Asked to choose if great songwriting or great performance ability is more important for a musician, "Inside Llewyn Davis" star Oscar Isaac hesitates, wavers, then decides.
"I'd say definitely songwriting. Because if you perform a [bleepy] song, then just `cause you're really good at performing it ..." says the 33-year-old actor, who plays the film's titular folk singer, at the James Hotel. "You can put diamonds on a turd, I guess."
In other words, you can try, but you can't fake quality. That's never been an issue for the Coen brothers ("No Country for Old Men," "Fargo"), who bring their traditional warped sense of humor and uncompromising view of the world's challenges to "Llewyn Davis," opening Friday. In his first leading role, Isaac ("Drive," "Robin Hood") is terrific as a struggling musician in 1961 New York who's more familiar with sleeping on couches than earning significant money for his versions of classic songs. Early folk singers played standards because that was the way songs were passed down before recorded music became the norm, Isaac notes.

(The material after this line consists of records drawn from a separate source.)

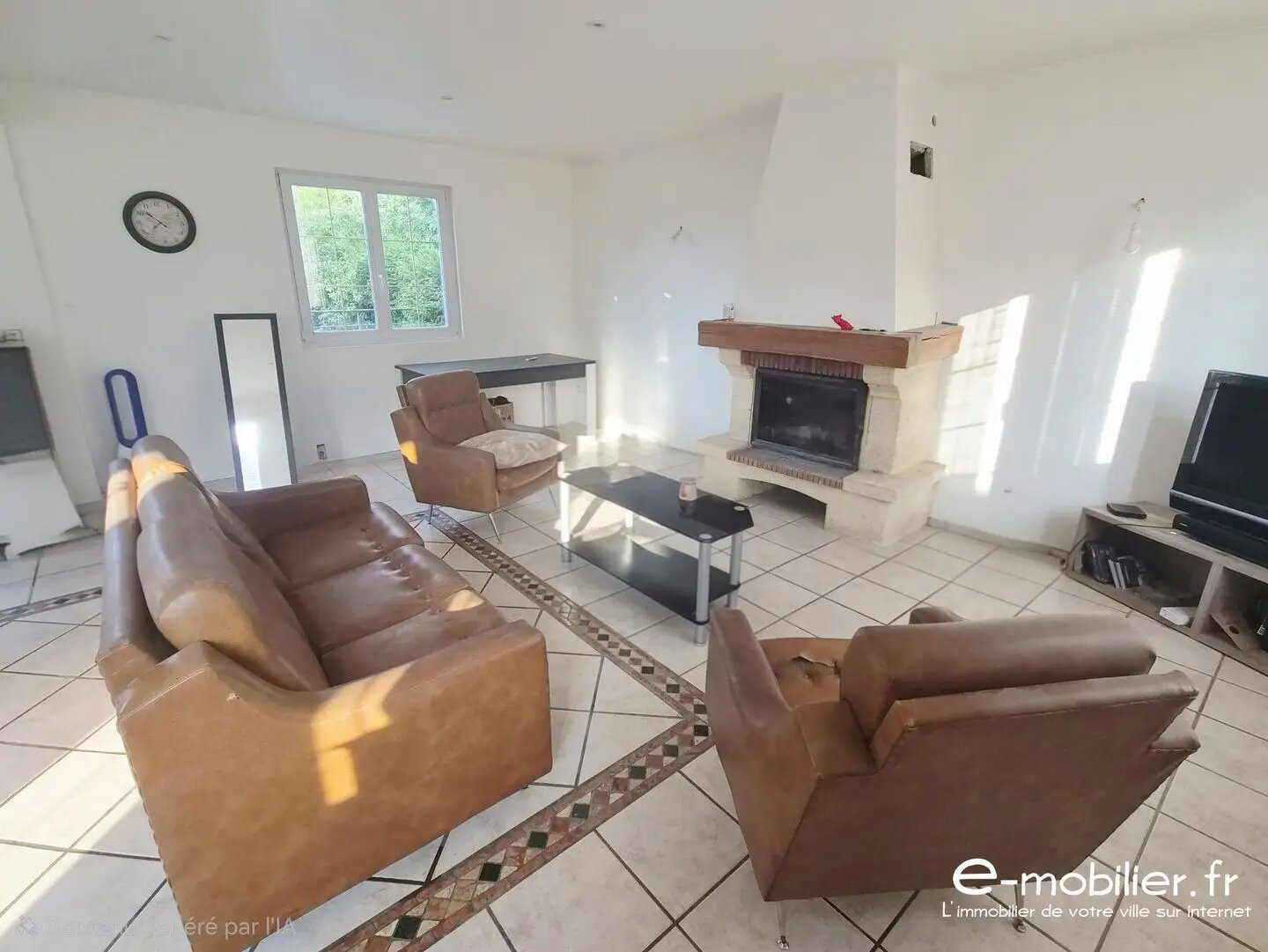 Maison à vendre, 150m², Le Plessier-Rozainvillers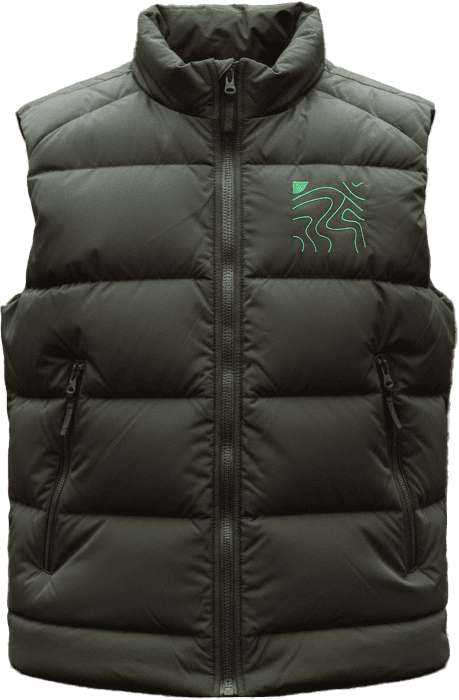 Veste avec identité ONF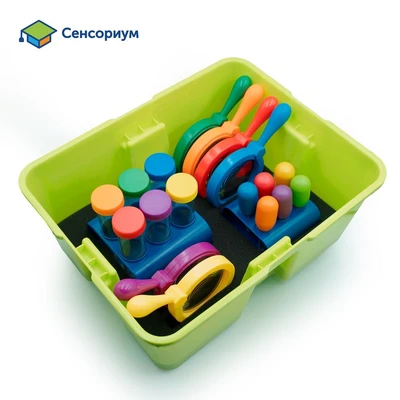 Модуль "Лаборатория экспериментов" (раздаточный) Learning Resources MS00421 2068917276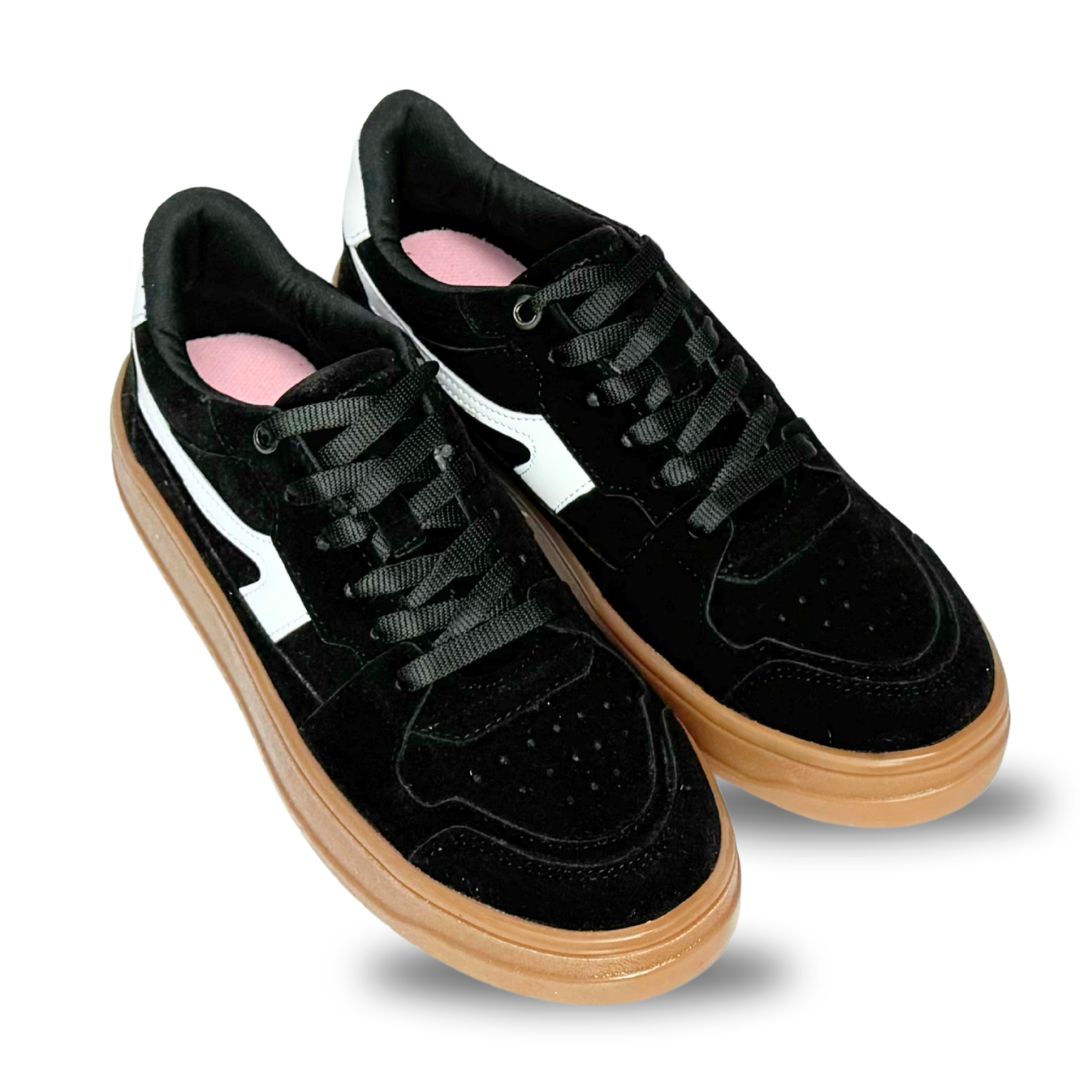 DENVER Negro con Blanco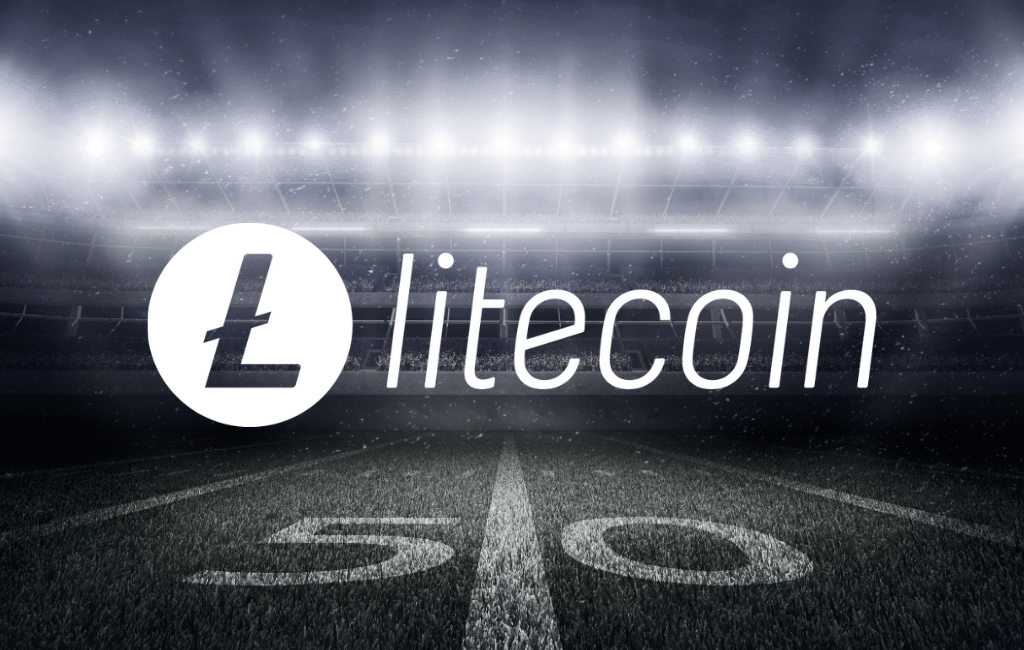 Litecoin is the official cryptocurrency of the Miami Dolphins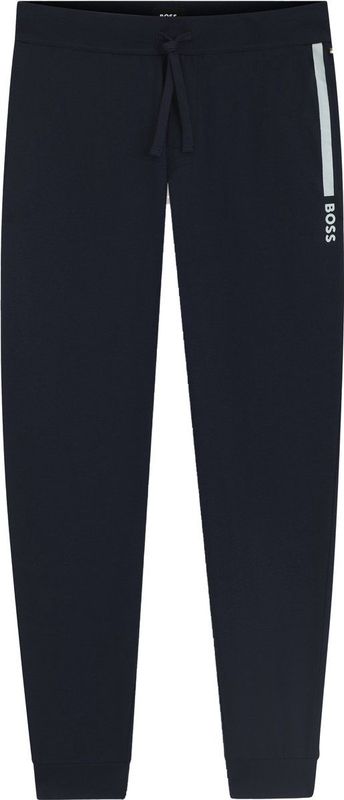 BOSS - Authentic Pants - Heren Pyjama- of Loungebroek - Donkerblauw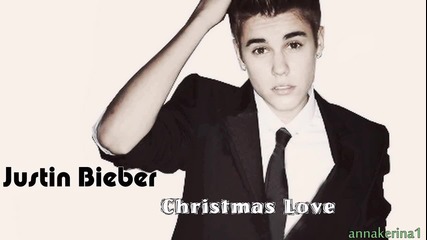 12 . Justin Bieber - Christmas Love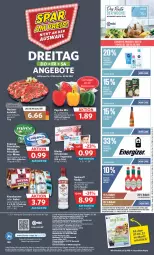 Gazetka promocyjna Combi - Prospekte - Gazetka - ważna od 03.06 do 03.06.2023 - strona 24 - produkty: angebot, angebote, Astra, auer, Becher, Berger, discount, drink, drinks, drucker, eis, energizer, Engel, erde, exquisa, exquisa frischkäse, felix, fisch, fische, Fischer, flasche, frischkäse, gewürz, Käse, kerze, Kinder, kinder schokolade, Körniger Frischkäse, kotelett, kräuter, krombache, krombacher, küche, magazin, Metaxa, miree, natur, nivea, nuss, oder yogurette, papier, paprika, paprika mix, Rauch, Reinigung, reis, rwe, salz, schoko, schokolade, schwein, smirnoff, tabasco, Tchibo, Ti, vodka, wein, Yo, yogurette, ZTE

Isaac, who chalks up his quick onscreen success to the sort of luck Llewyn doesn't have, has played in bands for much of his life. So this wasn't a case of an actor having to pick up an instrument and learn to perform for the first time. The potential Oscar nominee says the New York club shows he played to prepare for the film allowed him to simply "face an audience just with a guitar." No one recognized him from his films. No one booed. Some asked where they could buy his albums.
He's not the only actor-musician bridging the artistic forms, of course. Justin Timberlake co-stars in the film as Jim, the on- and offstage partner of the pregnant woman (Carey Mulligan, Isaac's "Drive" co-star) who isn't sure if Jim or Llewyn is the father. Yes, the "tricky" subject of mixing music and movies came up in conversation between Isaac and Timberlake.
"You don't want to be looked at as just an opportunist," Isaac says. "But if you actually have a true desire and you feel like you can contribute something to the medium, then I think it's fair to try ... I feel confident in that I have something to offer in both the music and film [industries], and I think [Justin] probably feels the same way."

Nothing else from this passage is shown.